Les Ijoriens constituent un peuple finno-ougrien très peu représenté en Russie. Il y a un siècle, ils étaient environ 30 000. Aujourd’hui, ils sont moins de 1000 et vivent pour la plupart dans des villages à seulement quelques kilomètres de la deuxième plus grande ville de Russie, Saint-Pétersbourg. Alexey Novozhilov, chef du département d’ethnographie et d’anthropologie de l’institut d’histoire de l’université d’État de Saint-Pétersbourg, nous a parlé de l’histoire de ce peuple et de tout ce qui le distingue.
D’où vient le nom “Izhora” (Ijorien) ?
Cette question est plutôt compliquée, car il s’agit de savoir lequel est le nom originel : celui du peuple ou celui de la rivière. Et c’est presque impossible à déterminer. Il existe deux hypothèses : soit l’ancienne population balte et finlandaise, qui est arrivée dans le nord au début du IIe millénaire après J.C, a adapté le nom de la rivière locale Izhora, soit cette population étrangère, qui s’appelait déjà Izhora, a donné ce nom à la rivière.

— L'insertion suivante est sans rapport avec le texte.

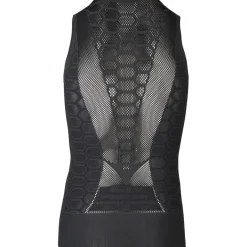 Q36.5 Base Layer 1 Hemd zonder Mouwen Heren - anthracite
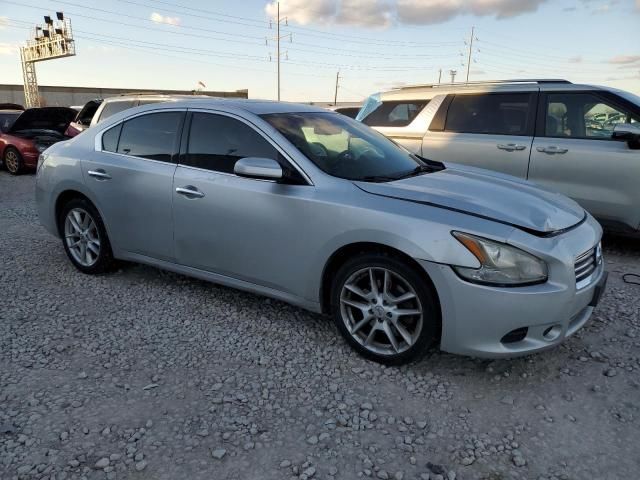 2014 Nissan Maxima S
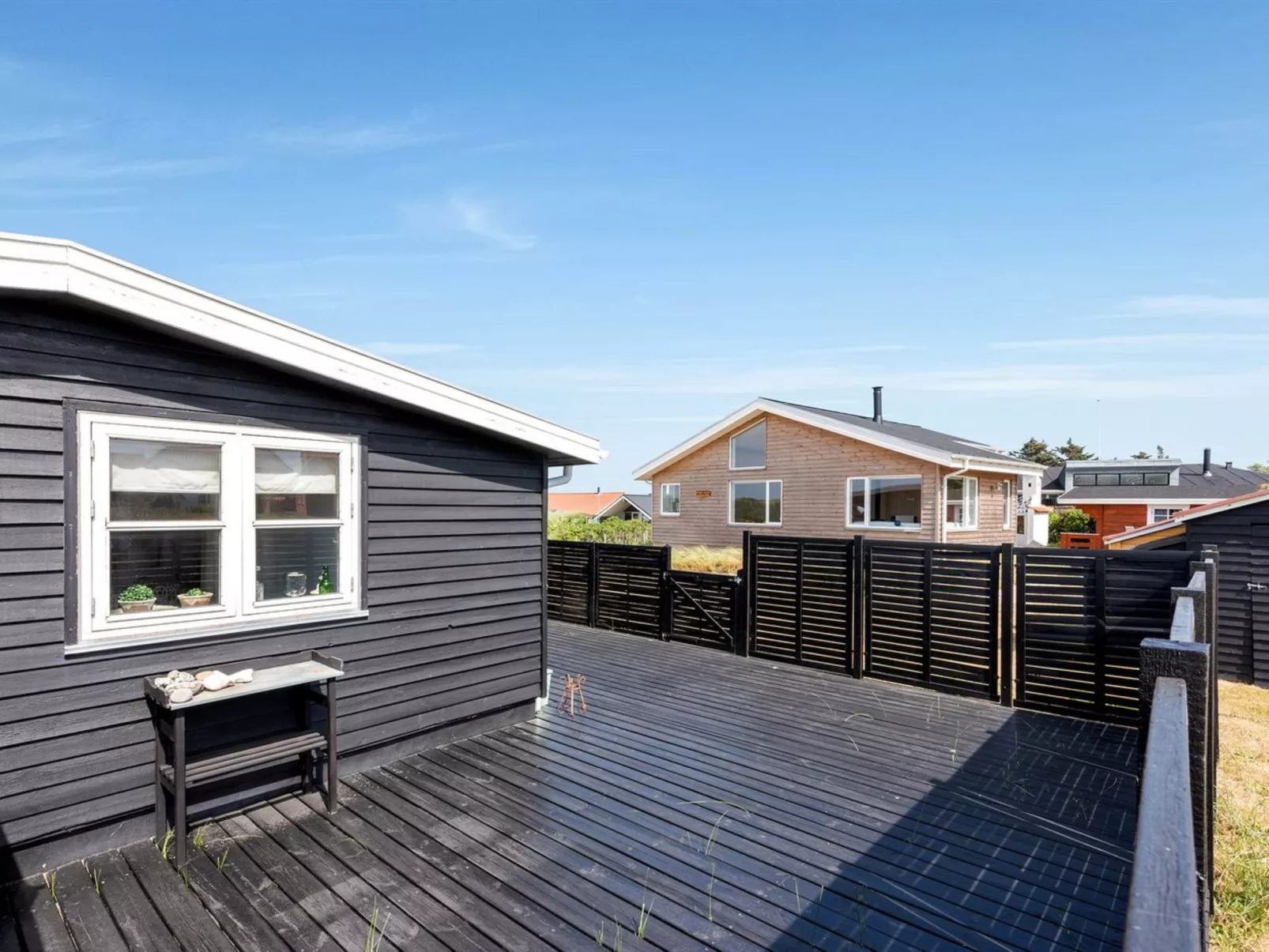 "Anik" - 100m from the sea-Dehors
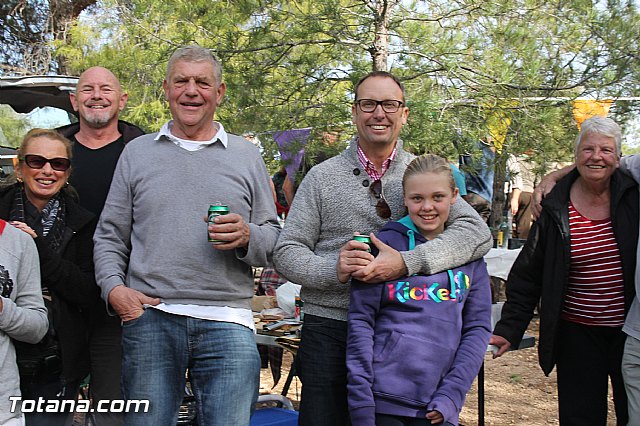 Romera Santa Eulalia. 7 enero 2014. Jornada festiva en La Santa - 134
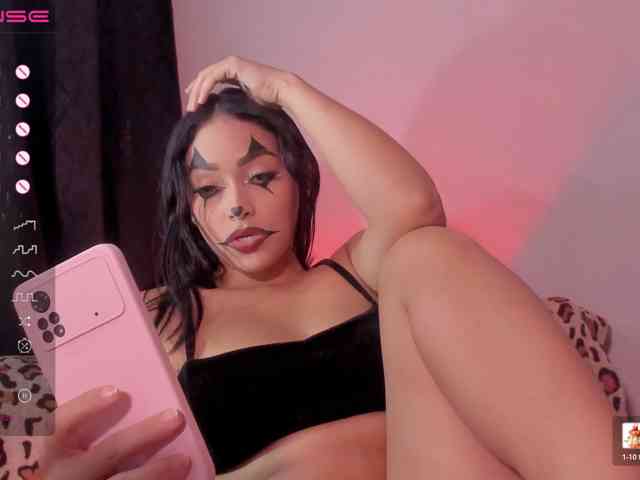 Bemylover3 webcam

J’aimerais également préciser que ce nom est basé sur la racine proto-finnique “izh”, ce qui signifie maître, et que le nom lui-même provient d’une certaine forme de ce mot.

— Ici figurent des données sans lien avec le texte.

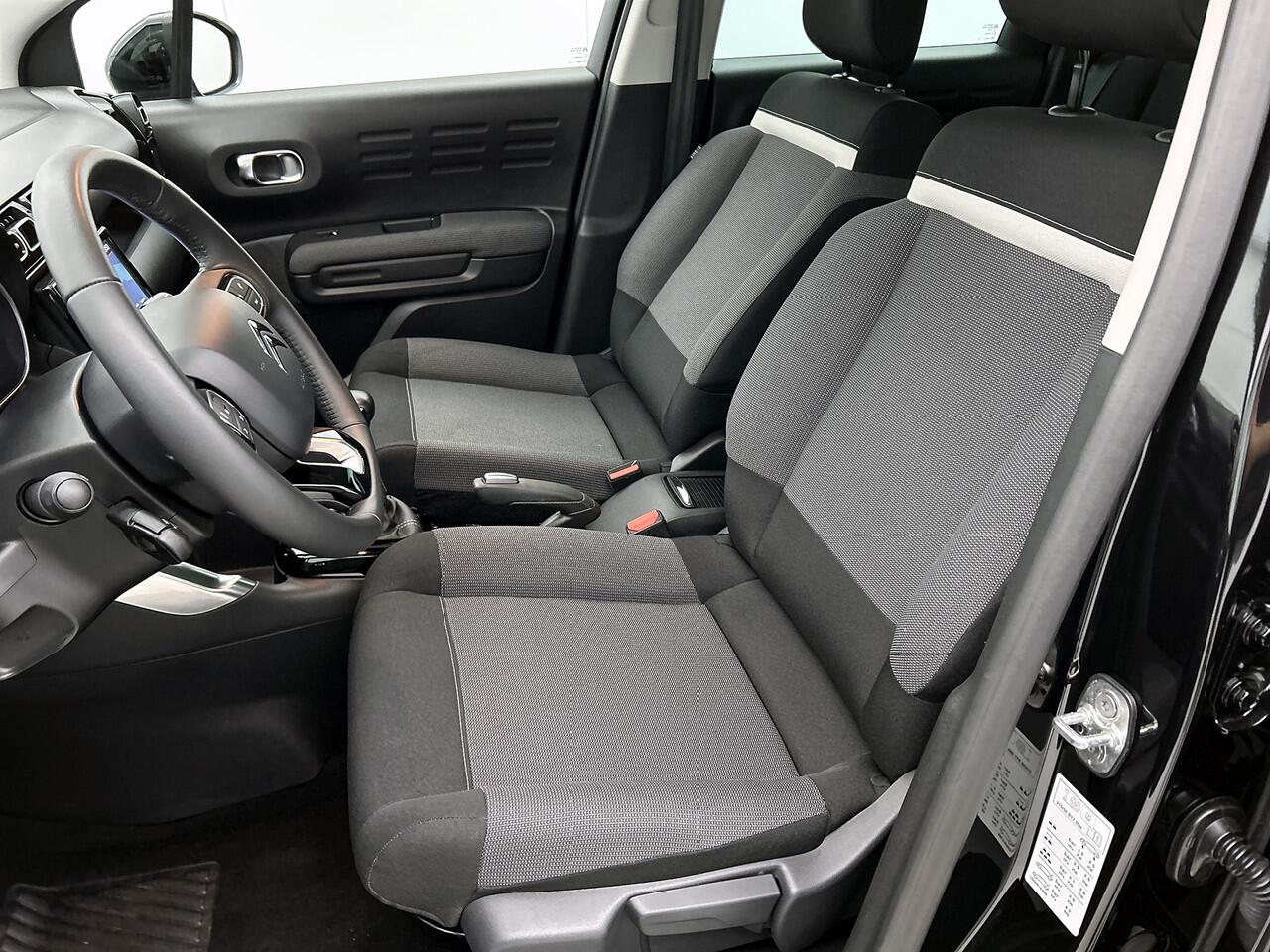 Citroen C3 Aircross 110 PK Max | Rijklaar | Keyless | Head up display | Navigatie | parkeersensoren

Quelles sont les sources littéraires anciennes qui mentionnent ce peuple et de quelle époque s’agit-il ?
On trouve les premières mentions dans diverses sources médiévales datant des XIIe et XIIIe siècles : il s’agit de bulles du pape qui bénissaient les croisés dans leur marche contre les païens de l’est de la Baltique. Des manuels scolaires mentionnent également Philippe Pelgusii, le chef des Ijoriens, comme un fidèle allié d’Alexandre Nevski, et le territoire des Ijoriens comme une partie de la République de Novgorod.
Les livres de scribe du XVe siècle constituent la source la plus importante : la racine “izh” y est mentionnée à la fois dans le nom du pogost d’Izhora et dans le surnom “Ijoriens” d’un certain nombre de paysans du nord-ouest de la région de Novgorod. En outre, un grand nombre d’anthroponymes finno-ougriens dans les livres de scribes, que nous attribuons aux Ijoriens, peuvent être considérés comme des preuves de l’existence de la population Ijorienne.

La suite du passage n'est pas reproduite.